WORK REQUEST
Transcribe only the lines in the data below falling between the line with "Fire & Flavor" and the line with "Shaw Tool Bag, Metal", including those two lines, and leave out any picture.

#### DATA SUPPLIED

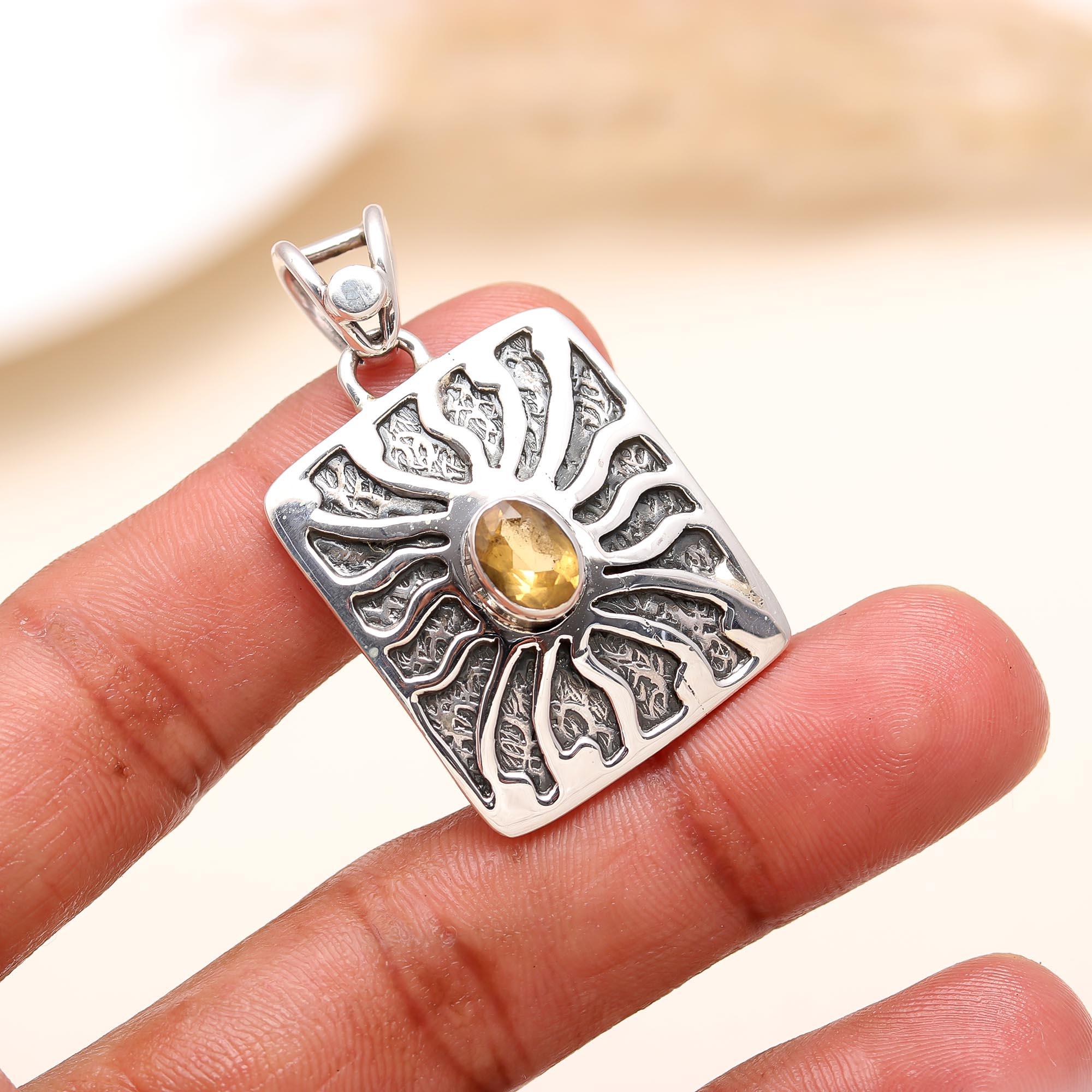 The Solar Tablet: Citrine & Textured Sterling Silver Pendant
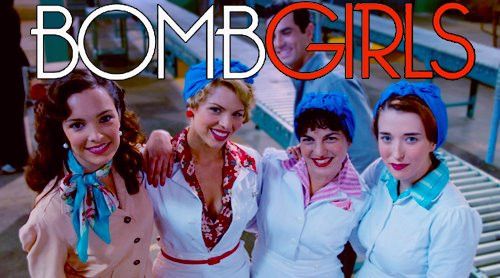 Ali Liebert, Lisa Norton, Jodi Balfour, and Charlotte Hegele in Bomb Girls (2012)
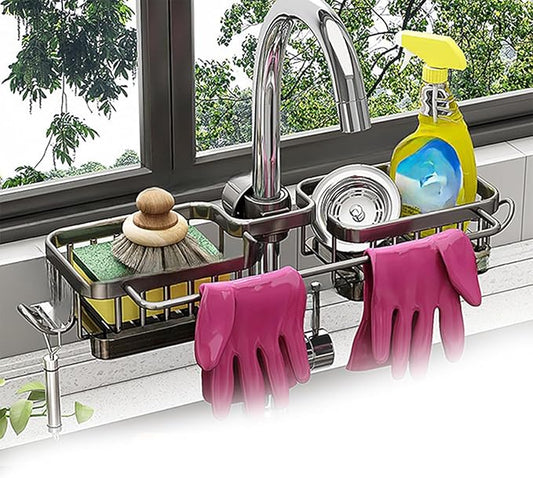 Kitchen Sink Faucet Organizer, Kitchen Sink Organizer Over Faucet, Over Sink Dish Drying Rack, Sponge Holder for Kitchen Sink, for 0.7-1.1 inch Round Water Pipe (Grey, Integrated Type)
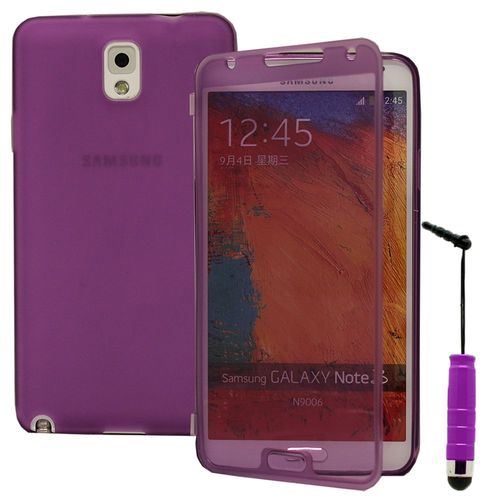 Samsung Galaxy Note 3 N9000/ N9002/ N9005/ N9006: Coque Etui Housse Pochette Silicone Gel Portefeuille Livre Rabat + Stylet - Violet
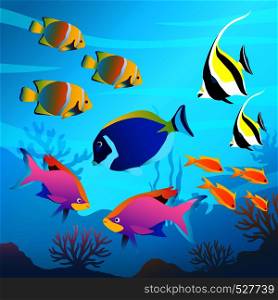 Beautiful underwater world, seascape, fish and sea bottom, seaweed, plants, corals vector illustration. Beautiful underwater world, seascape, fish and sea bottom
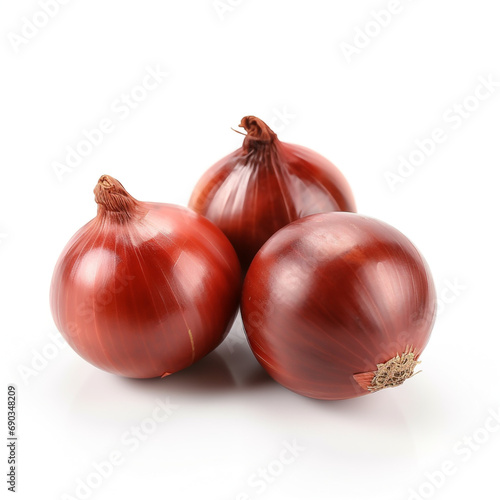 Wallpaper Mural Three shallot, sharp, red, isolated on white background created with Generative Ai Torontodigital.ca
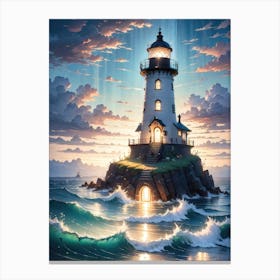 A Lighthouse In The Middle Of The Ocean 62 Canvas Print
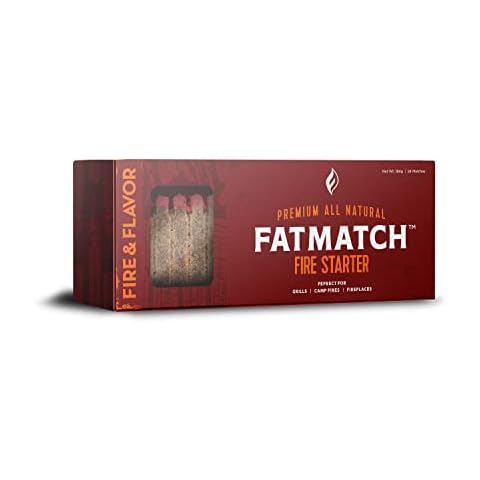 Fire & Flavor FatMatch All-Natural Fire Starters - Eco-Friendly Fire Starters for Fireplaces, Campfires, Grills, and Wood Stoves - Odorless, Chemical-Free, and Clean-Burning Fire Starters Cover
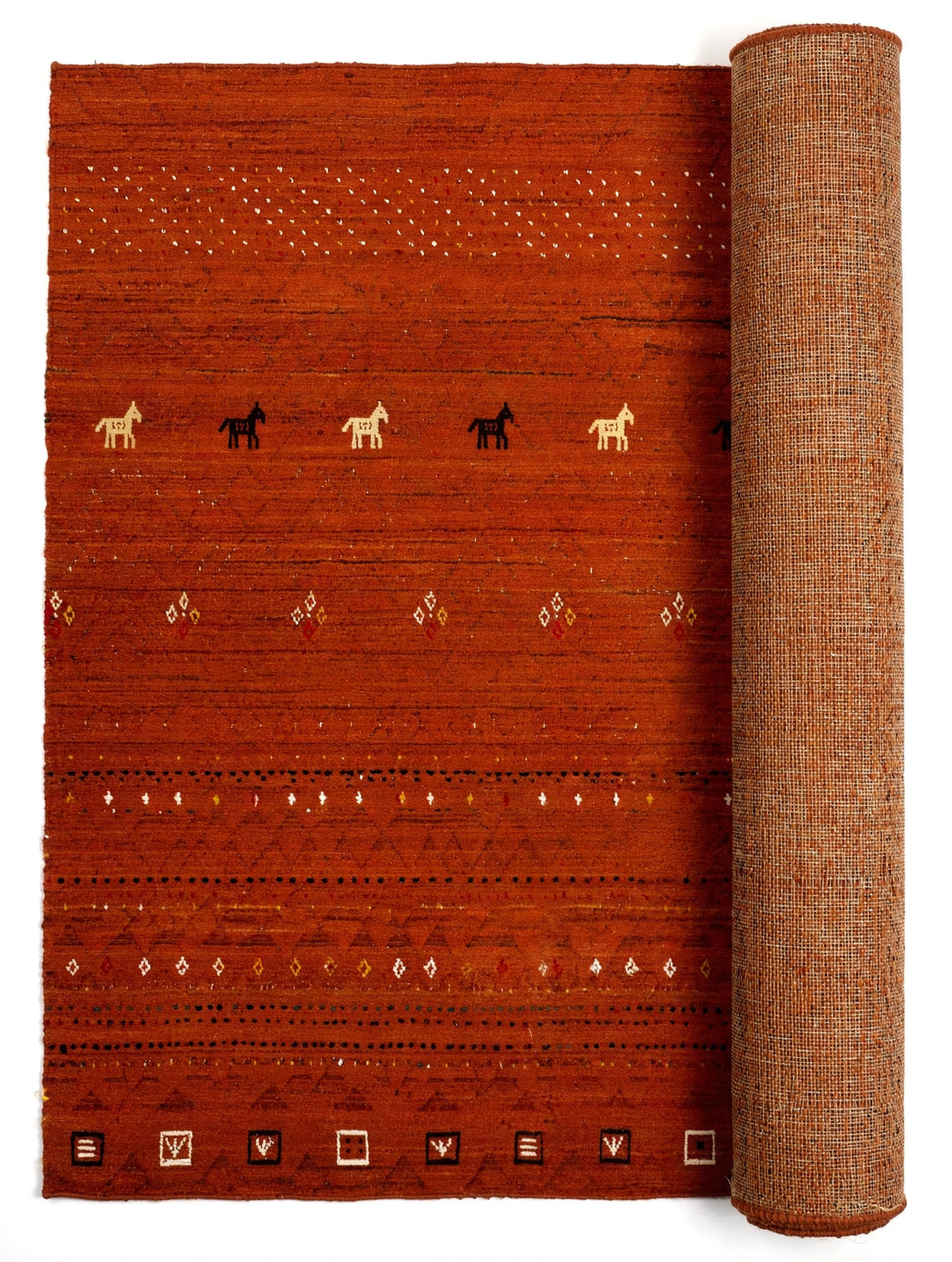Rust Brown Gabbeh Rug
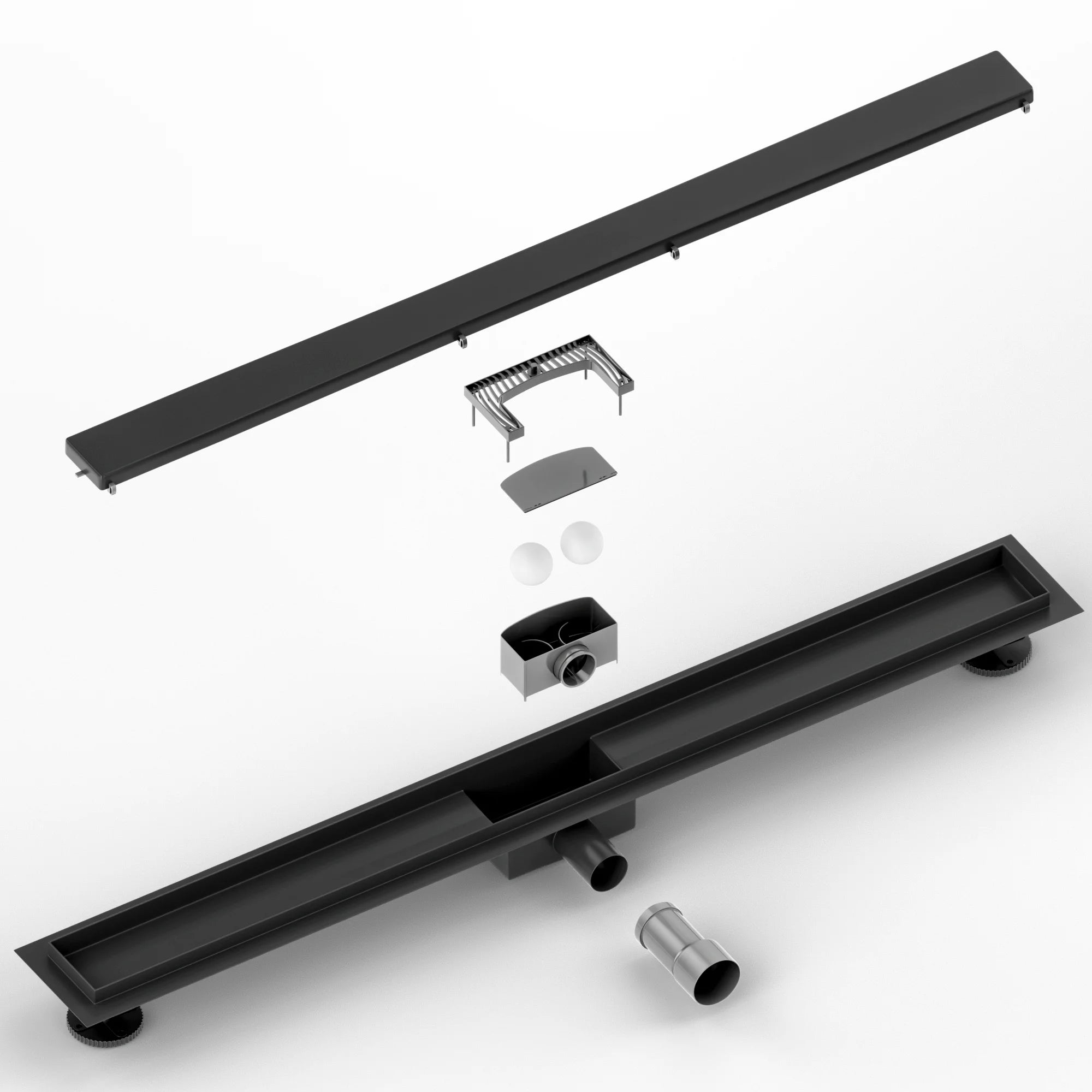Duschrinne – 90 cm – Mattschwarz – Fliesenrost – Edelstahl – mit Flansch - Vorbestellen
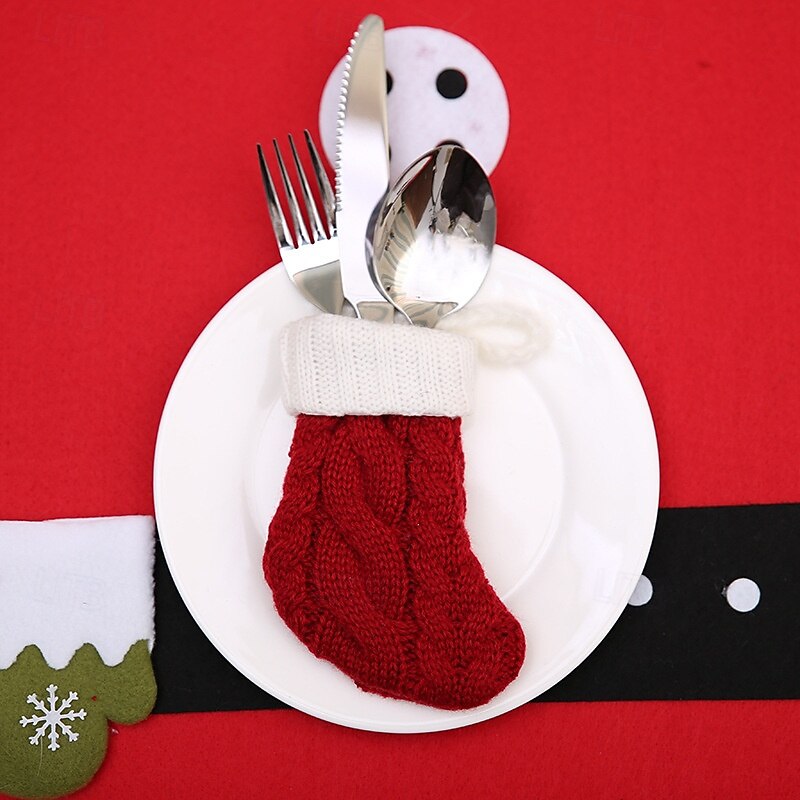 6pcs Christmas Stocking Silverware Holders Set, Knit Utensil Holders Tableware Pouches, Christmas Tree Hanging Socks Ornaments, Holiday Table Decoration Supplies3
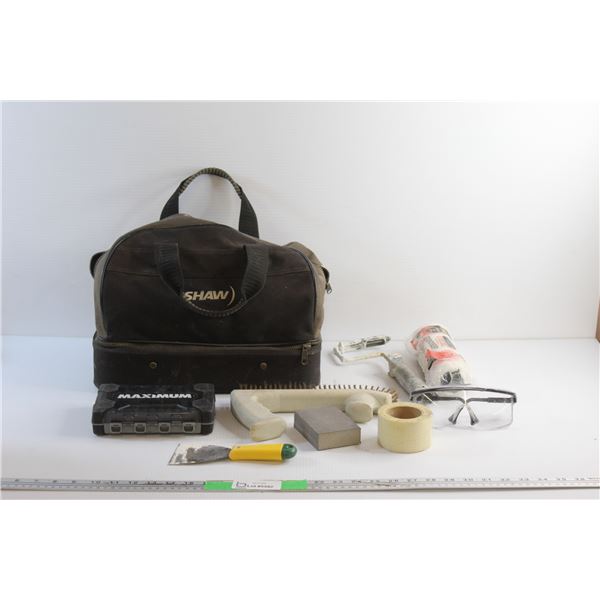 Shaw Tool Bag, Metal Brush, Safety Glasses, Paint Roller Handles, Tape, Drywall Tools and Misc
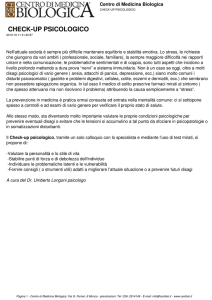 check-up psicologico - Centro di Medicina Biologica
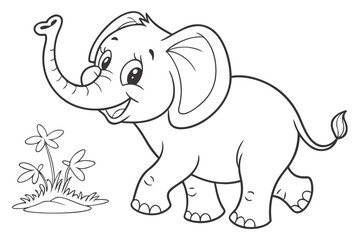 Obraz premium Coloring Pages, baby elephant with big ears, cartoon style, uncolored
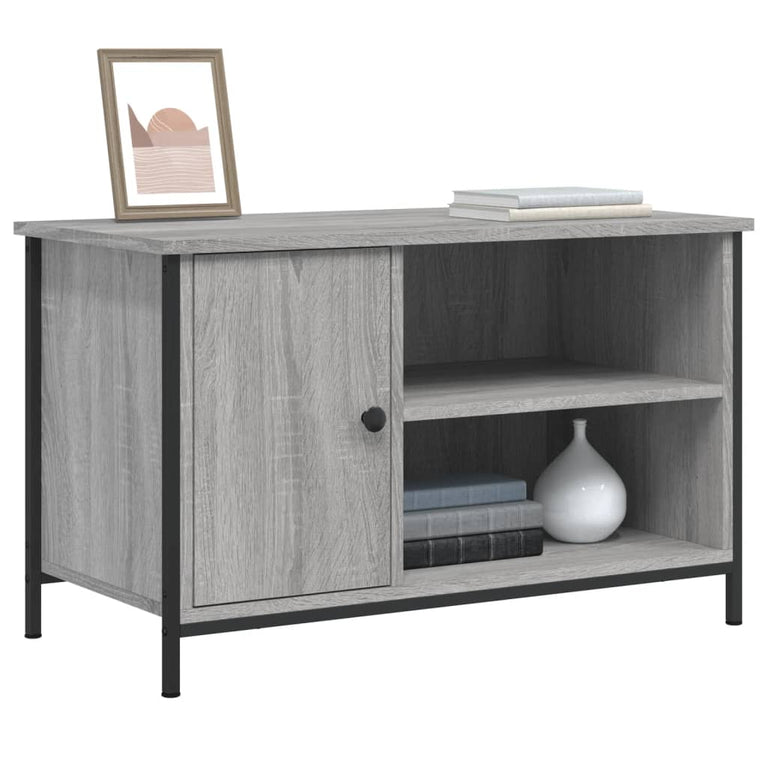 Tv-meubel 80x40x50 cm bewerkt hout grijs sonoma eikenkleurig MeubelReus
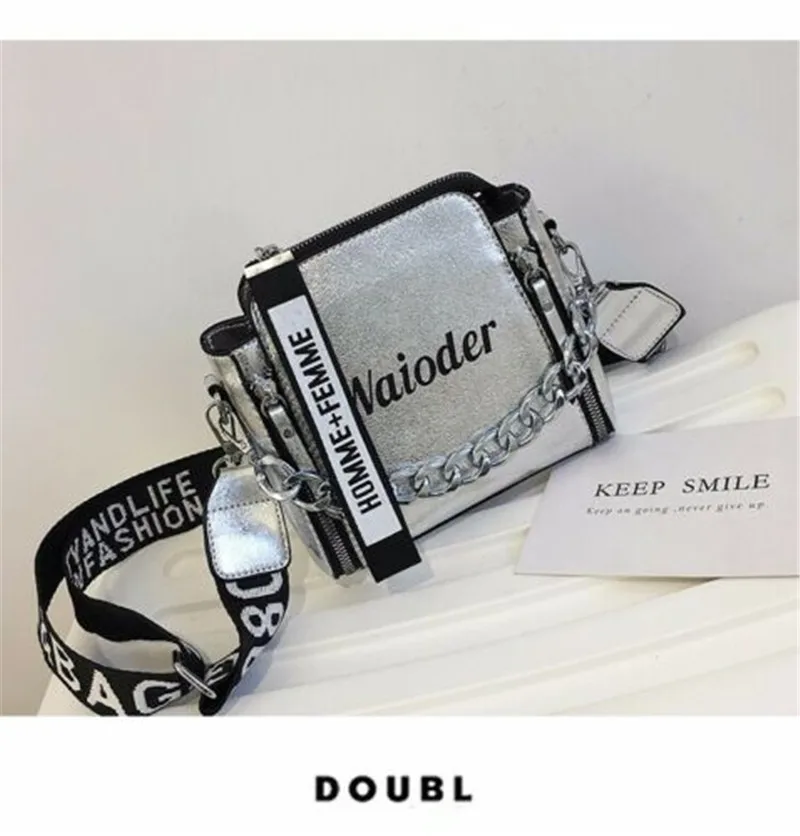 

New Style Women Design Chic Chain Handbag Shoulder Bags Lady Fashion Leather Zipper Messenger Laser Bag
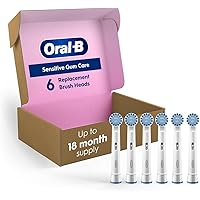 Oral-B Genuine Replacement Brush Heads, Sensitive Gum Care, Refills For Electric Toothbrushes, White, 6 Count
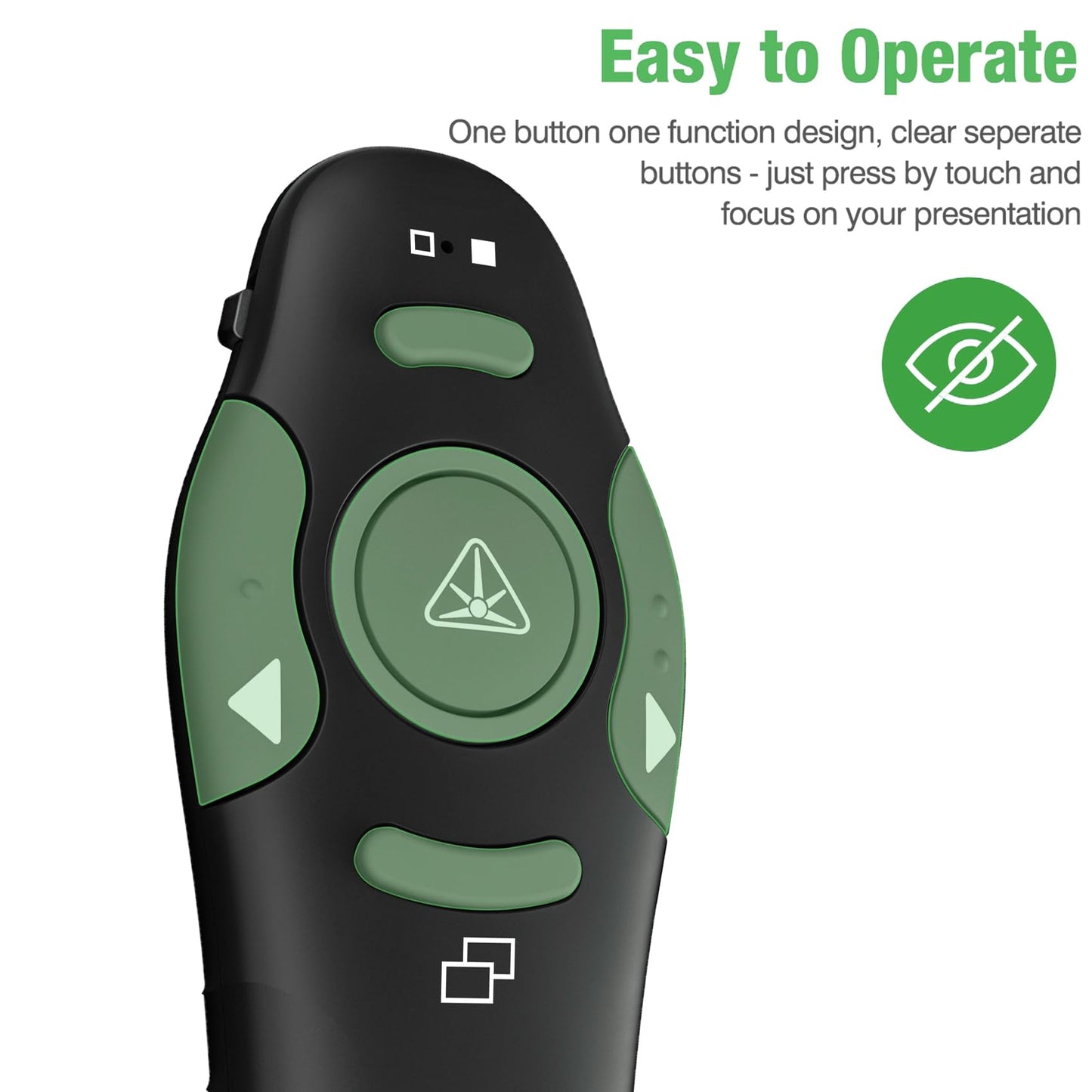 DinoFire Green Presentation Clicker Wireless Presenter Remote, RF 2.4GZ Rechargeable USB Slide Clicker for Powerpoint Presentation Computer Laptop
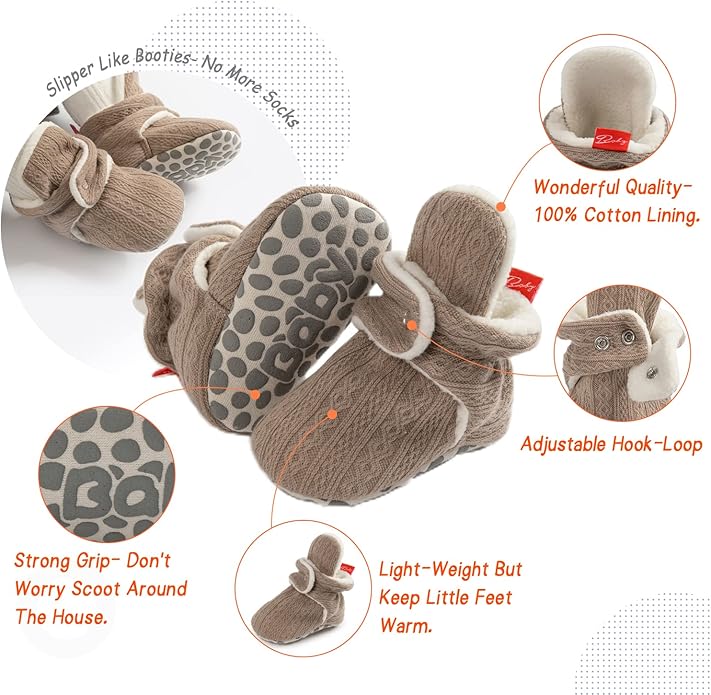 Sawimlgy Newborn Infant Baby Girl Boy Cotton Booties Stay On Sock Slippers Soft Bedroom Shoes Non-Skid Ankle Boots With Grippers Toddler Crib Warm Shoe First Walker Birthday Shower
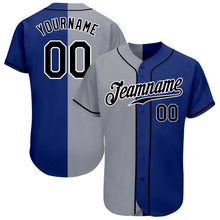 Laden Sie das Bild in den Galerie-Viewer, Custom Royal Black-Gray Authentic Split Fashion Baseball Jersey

########

RESPONSE TO THIS EXERCISE
 Fire & Flavor FatMatch All-Natural Fire Starters - Eco-Friendly Fire Starters for Fireplaces, Campfires, Grills, and Wood Stoves - Odorless, Chemical-Free, and Clean-Burning Fire Starters Cover
Rust Brown Gabbeh Rug
Duschrinne – 90 cm – Mattschwarz – Fliesenrost – Edelstahl – mit Flansch - Vorbestellen
 6pcs Christmas Stocking Silverware Holders Set, Knit Utensil Holders Tableware Pouches, Christmas Tree Hanging Socks Ornaments, Holiday Table Decoration Supplies3
 Shaw Tool Bag, Metal Brush, Safety Glasses, Paint Roller Handles, Tape, Drywall Tools and Misc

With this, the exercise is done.